Application programming interface (API) can be a computing interface that defines interactions between multiple software intermediaries. An API can define the types of calls and/or requests that can be made, how to make them, the data formats that should be used, the conventions to follow, etc. An API can also provide extension mechanisms so that users can extend existing functionality in various ways and to varying degrees.

Cloud computing is the on-demand availability of computer system resources, especially data storage (e.g. cloud storage) and computing power, without direct active management by the user.

Cloud database is a database that typically runs on a cloud computing platform and access to the database is provided as-a-service.

Cloud storage is a model of computer data storage in which the digital data is stored in logical pools, said to be on “the cloud”. The physical storage spans multiple servers (e.g. in multiple locations), and the physical environment is typically owned and managed by a hosting company. These cloud storage providers can keep the data available and accessible, and the physical environment secured, protected, and running.

Column can be a set of data values of a particular type, one value for each row of the database.

Dark data is data which is acquired through various computer network operations but not used in any manner to derive insights or for decision making.

Data cloning creates a copy of data asset/set for backup, analysis, and/or other purposes.

Data warehouse can be a system used for reporting and data analysis and is considered a core component of business intelligence.

Principle of least privilege (PoLP) provides that in a particular abstraction layer of a computing environment, every module (e.g. a process, a user, or a program, depending on the subject) is to be able to access only the information and resources that are necessary for its legitimate purpose.

Shadow data can be any data that is not organized by or subject to an entity's data management system.

Software as a service (SaaS) is a software licensing and delivery model in which software is licensed on a subscription basis and is centrally hosted.

Virtual private cloud (VPC) can be an on-demand configurable pool of shared resources allocated within a public cloud environment, providing a certain level of isolation between the different organizations using the resources.
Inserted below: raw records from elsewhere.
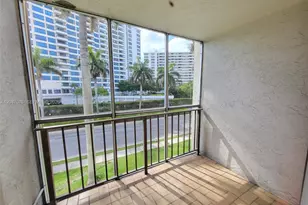 501 Three Islands Boulevard, Hallandale Beach, FL 33009 - Photo 16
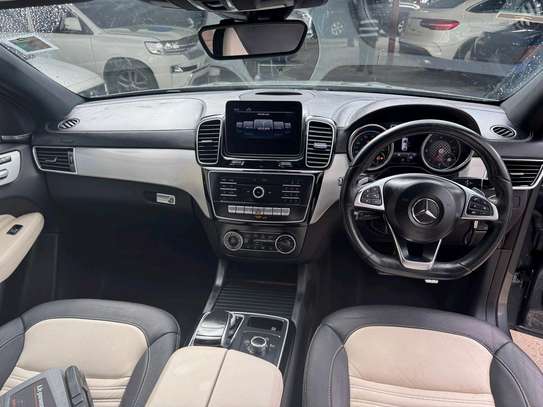 Mercedes-Benz GLE350d image 7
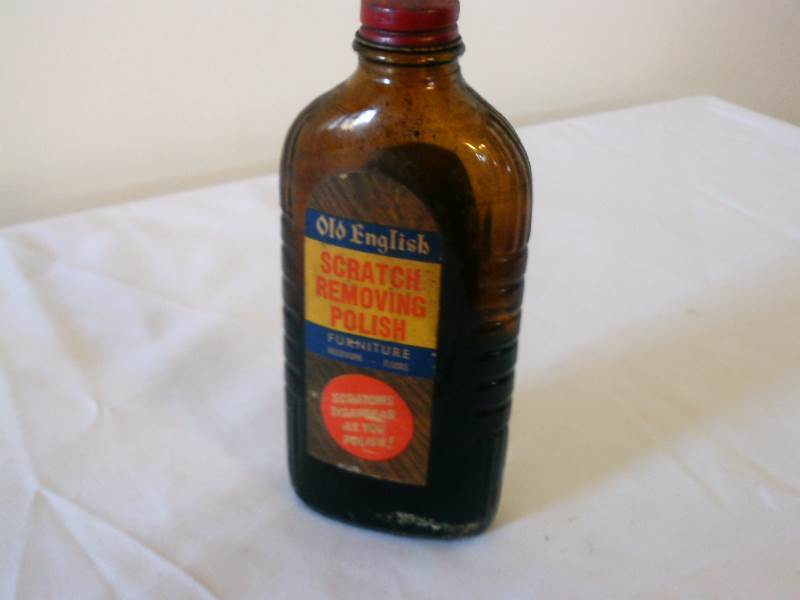 lot 25 image: Old Elnglish Polish, scratch removing, vintage, 12 full, Glass bottle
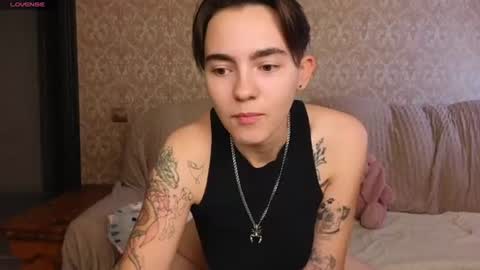 Snapshot of twobabesweet chatting on July 26, 6:32 am Welcome guys We Lili and Vic PVT open online show from July 26, 6:32 am
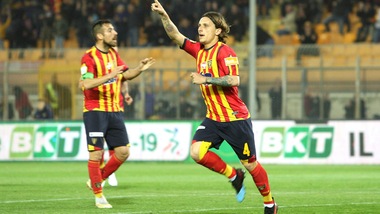 Serie B, Lecce show: 7-0 all'Ascoli e -2 dalla vetta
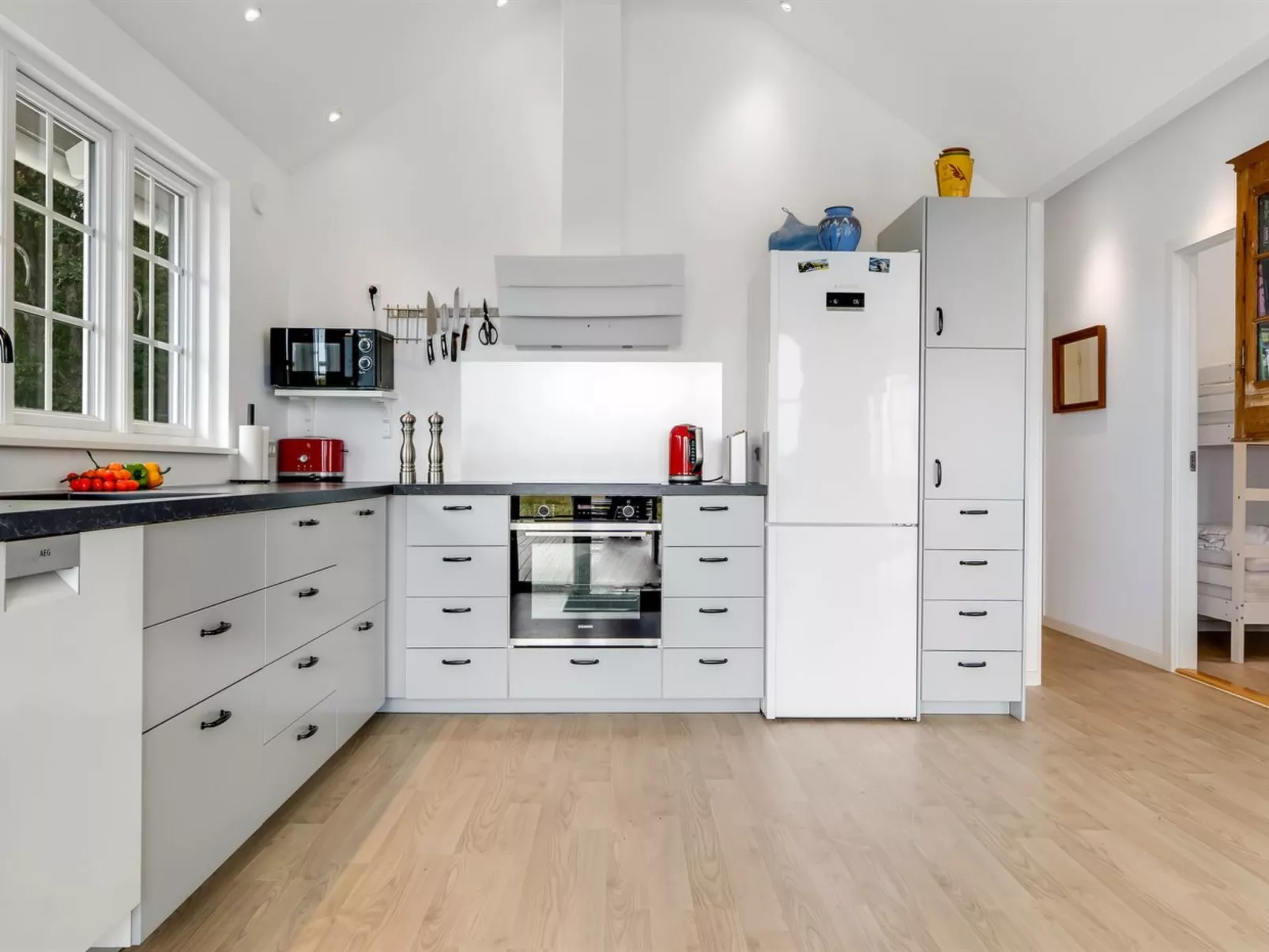 "Farman" - 150m from the sea-Binnen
These definitions are provided by way of example and not of limitation.

Example Methods

FIG. 1 illustrates an example process 100 for minimizing data governance to improve data security, according to some embodiments. In step 102, process 100 imposes a set of principles and access rules. Rules can stipulate that only specific roles say X, can access clear text data as long as data does not have PII and is not exposed publicly. Another example could be only role Y can create clones as long as data does not have developer keys. This step can include process 200.

FIG. 2 illustrates an example process 200 for imposing a set of principles and access rules, according to some embodiments. In step 202, process 200 imposes a set of principles of least privilege based on granted versus configured user access. In step 204, process 100 imposes principles of least privilege based on granted versus configured role privileges. In step 206, process 200 tracks columnar usage and imposing columnar access controls. In step 208, process 200 imposes masked data access for human users by default.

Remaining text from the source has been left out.